Published daily by the Lowy Institute

Taiwan: Renewing a southbound vision

Increasing economic ties with Southeast Asia has been a success for Tsai Ing-wen. She should look beyond to India, too.

Dancers perform as part of an “Incredible India” performance in 2017 supported by the India-Taipei Association (Taiwan Presidential Palace/Flickr)
Dancers perform as part of an “Incredible India” performance in 2017 supported by the India-Taipei Association (Taiwan Presidential Palace/Flickr)
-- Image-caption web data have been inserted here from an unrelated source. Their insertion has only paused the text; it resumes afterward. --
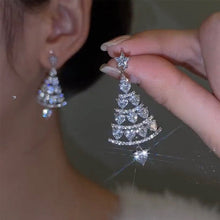 Charger l&#39;image dans la galerie, Boucles D&#39;oreilles Tiges Sapin De Noël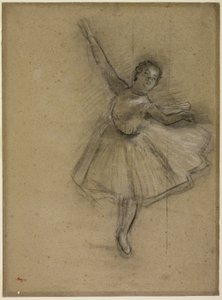 Dansare som vrider sig av Hilaire Germain Edgar Degas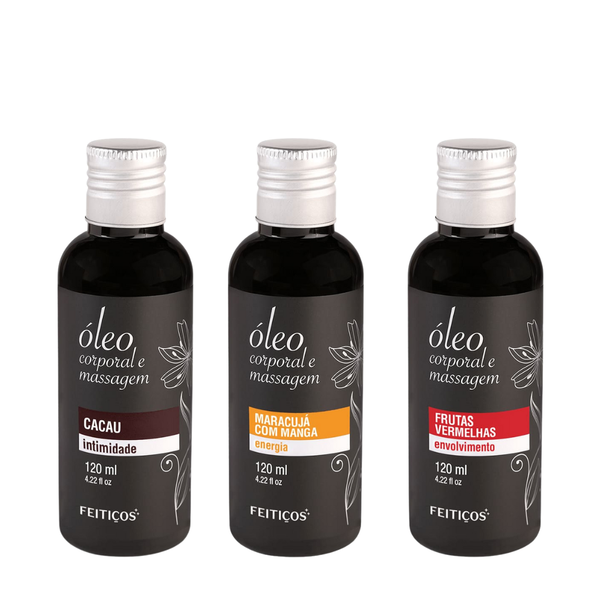 OLEO DE MASSAGEM CORPORAL 120ML NOVAS FRAGRANCIAS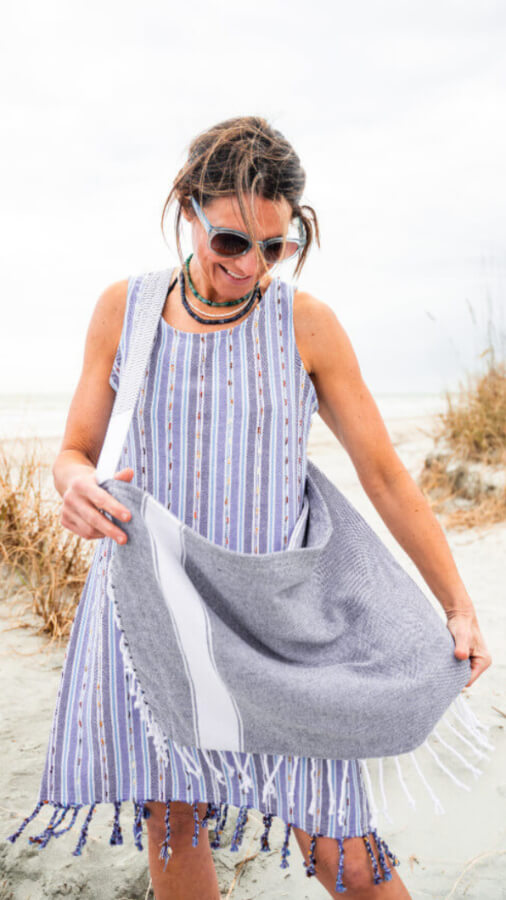 Beachable 3 in 1 Signature Solid Turkish Cotton Tote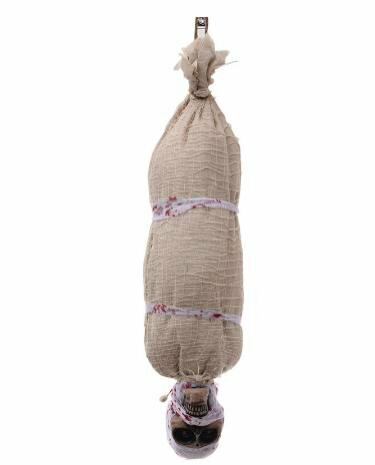 ALM-2505-24 HALLOWEEN MUMYA KURU KAFA 50 CM IŞIK+SES+HAREKET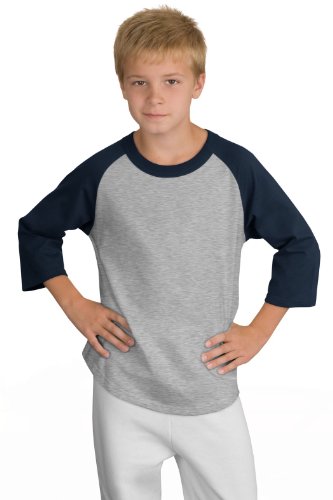 Algopix Similar Product 2 - SportTek Youth Colorblock Raglan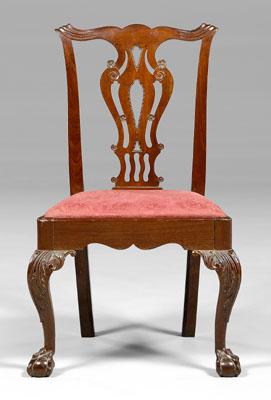 Chippendale mahogany side chair, finely
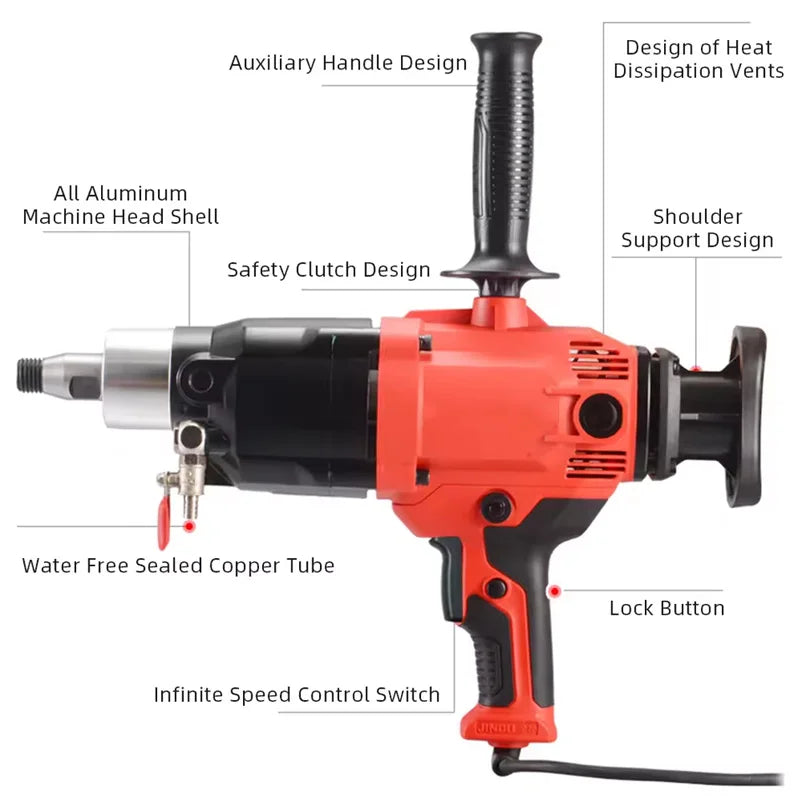 Concrete Core Drill Machine Electric Drill Drilling Machine Punching Machine  M22 Thread Dry Wet Drilling Machine Diamond Drill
For all the talk of cross-Strait military tensions – which are real – in the economic realm, Taiwan’s fortunes have been bound to those of China. Recognising the need to diversify, when Tsai Ing-wen was elected in 2016, she initiated what was dubbed a “New Southbound Policy”, with the goal of Taipei’s economic over-reliance on China. The aim was to shift the focus in key areas such as education, trade and people-to-people exchanges to enhance economic and cultural ties with the countries of Southeast Asia, South Asia and Australasia.

With Southeast Asia and to some extent Australasia, this policy has been a success. But with India, in particular, much more could be done to capitalise on Taiwan’s opportunity in the largest of the emerging markets in South Asia when the wave of Covid-19 infections eventually subsides.

Little of the success was replicated in South Asia, with Taipei’s efforts to tap the potential of India and Bangladesh offering only meagre results

First, it is important to acknowledge the success of the New Southbound Policy so far to draw lessons. Taipei’s total trade with the members of the Association of Southeast Asian Nations increased from US$78 billion to $89 billion, with a growth rate of 13.6% during 2016–20, a sharp turnaround from the period under Tsai’s predecessor ,Ma Ying-jeou, with negative growth of 10.9% across 2012–16. Substantial gains were made from Singapore, Vietnam, Brunei and Malaysia.

Before Covid, the inflow of overseas students resulting from the New Southbound Policy also increased from 32,000 in 2016 to 53,000 in 2018, consisting of 30,000 students from Southeast Asia, surpassed the number from China. Even amid the pandemic, for the academic year 2020 more than 60% of first-year overseas student university scholarships provided by Taiwan’s Ministry of Education went to students from ASEAN countries.

Despite pressure from China, Taiwan succeeded in inking an investment deal with the Philippines in 2017, even as Philippines President Rodrigo Duterte actively pursued a pro-Beijing stance. Taipei also advanced its economic cooperation with other Southeast Asian countries such as Indonesia and Malaysia through a series of memorandums of understanding.

President Tsai Ing-wen attends a 2019 electronic game machine exhibition in Taipei: Taiwan has a reputation as a manufacturer of high-end technologies (Taiwan Presidential Palace/Flickr)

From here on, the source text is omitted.